Art is seen by the ‘non-producing’ public as untouchable; pristine or alien, but also, from the artist’s point of view, art offers them a vantagepoint from which they can safely view the world, removed from it. Many times I’ve seen that “I don’t get it” look on a viewer’s face, as though unable to penetrate the forcefield shielding the art, but at least as many times I’ve seen a similar look on artists’ faces when confronted by the public, that “boy am I ever glad I’m inside this glass box” look.
I have constructed a glass box in which the artist may view the world, immersed yet safely separate from society, as artists should be. This glass box allows the artist to draw attention to herself yet allow her to completely ignore the world if she chooses. It gives her authority, anonymity, simultaneous exhibitionism and isolation. It is a shark cage from which to record nature’s dangerous creatures, a bank teller’s cage, a germ-free zone (a la the boy in the bubble), a portable popemobile all implying a need to protect the person inside. It references the annoying mime in his glass box, entertaining all who will pay attention, Houdini’s ‘inescapable’ glass waterboxes, Penn and Teller’s clear magic tricks with which they literally shatter the illusion of the magic establishment, women’s “glass ceiling” (and walls), a metaphor as relevant in the art world as it is in business, simultaneously referencing Dempsey and Millan’s arborite housedress, an uncomfortable, confining, defining construction. Is the artist inside a work of art, a scientist or examiner, an alien, a magician, mime, clown or other performer? Is she perfect, pristine, a specimen, an example?

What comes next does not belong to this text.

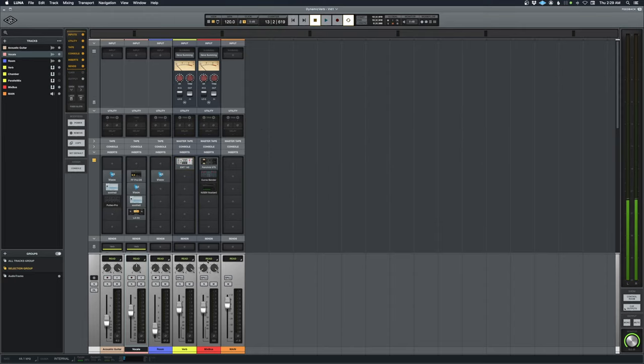In the next video, we'll do one more reverb process — a very specific type I want to go through — and then we'll do some EQ on the two-bus and wrap it up. A quick and easy singer-songwriter mix video. Thanks so much for watching, it means a lot to me. Please hit like and subscribe if this has helped you in any way — more videos are coming very soon.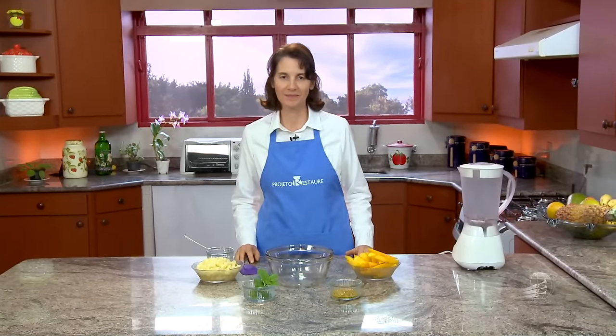Hello, welcome to the program Saúde Sobre a Mesa. My name is Ruth Pazan, and today I'm going to teach you the recipe for a refreshing pineapple dessert. This dessert is very practical, very easy, and delicious to make on the day you want to impress someone. So shall we go over the ingredients?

Physically, the box is slightly bigger than a phone booth, with no bottom and on wheels, holes for ventilation and speaking, a small slot through which paper may be passed, a door that locks from the inside and handles on the inside for its’ inhabitant to push it around. It weighs approximately 300 pounds and therefore when inside one may feel either safe or trapped, and those on the outside may be stricken with either that person’s dramatic sense of purpose or insanity.
In Canada, our art communities may be close, lush, and vibrant (relatively speaking, or not), but the rest of the population is extremely removed from art. Regional isolation affects us in that we are not only removed from bigger centres and other artists, but we are removed from audience.

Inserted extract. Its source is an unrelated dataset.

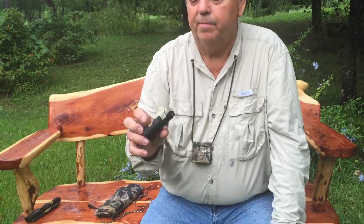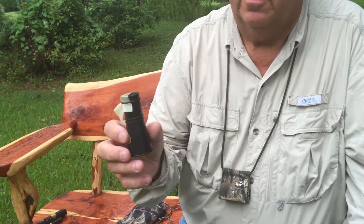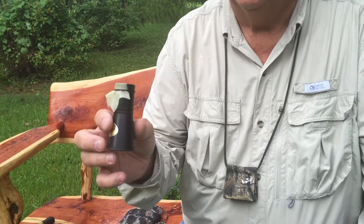Hi, this is Cleon Caraway. I'd like to show you this turkey tube that I sell. Basically, you push it tight against your upper lip and say tick tick tick for clucks or yelps. You can do a small jake gobble by going ticka ticka ticka ticka.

This glass box is a tool for intervention; in it, the artist visits gatheringplaces of isolated areas, places where, were she not inside her glass box she may be in grave danger. Conversely, being in the box puts her in a very vulnerable position. She will examine the masses in an attempt to understand them and she will put herself on display in an attempt to allow them to learn more about her own species. She will not contaminate them nor allow herself to be contaminated by them, yet a mutual understanding of each others’ cultures shall be aspired to. She will probe, entertain, study, expose herself to, and provide services to these people in malls, parks, and other public and private spaces. She shall be at times a scientist, an alien, a woman, a magician, a work of art.

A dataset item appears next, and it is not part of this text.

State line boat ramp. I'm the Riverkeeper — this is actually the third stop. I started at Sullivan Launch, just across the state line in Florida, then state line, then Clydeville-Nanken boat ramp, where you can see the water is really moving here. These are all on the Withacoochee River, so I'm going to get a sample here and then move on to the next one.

During the course of the project, I’ve had the opportunity to take the Plexiglas box out to places such as Saskatoon, Brandon, Winnipeg, Edmonton and Vancouver, which has given me the opportunity/forced me to rethink the project a lot. More and more, because the box itself is so physical, so extravagant, so there and because it is so physically demanding, the box is very much about me and my body within it. While out in the box, I am forced to remove layers of clothing, to mop the sweat from my body, to rest often, dress my wounds and clear off patches of fog so that I can see where I am going. I think as a metaphor for the things I am interested in exploring, it is effective, but visually it is a very simple one. Because of the force I must exert to move it and the toll it takes on my body, the project is much more about me and my body than I would have thought. I am on display, but it is certainly not for the enjoyment of others, as I have encountered fear, shame, disgust and puzzlement far more than I have encountered awe or admiration. For the most part, though, the people that I have encountered have refused to interact or even acknowledge my presence. It truly is about isolation, in ways that I had expected but also in ways that I had never thought.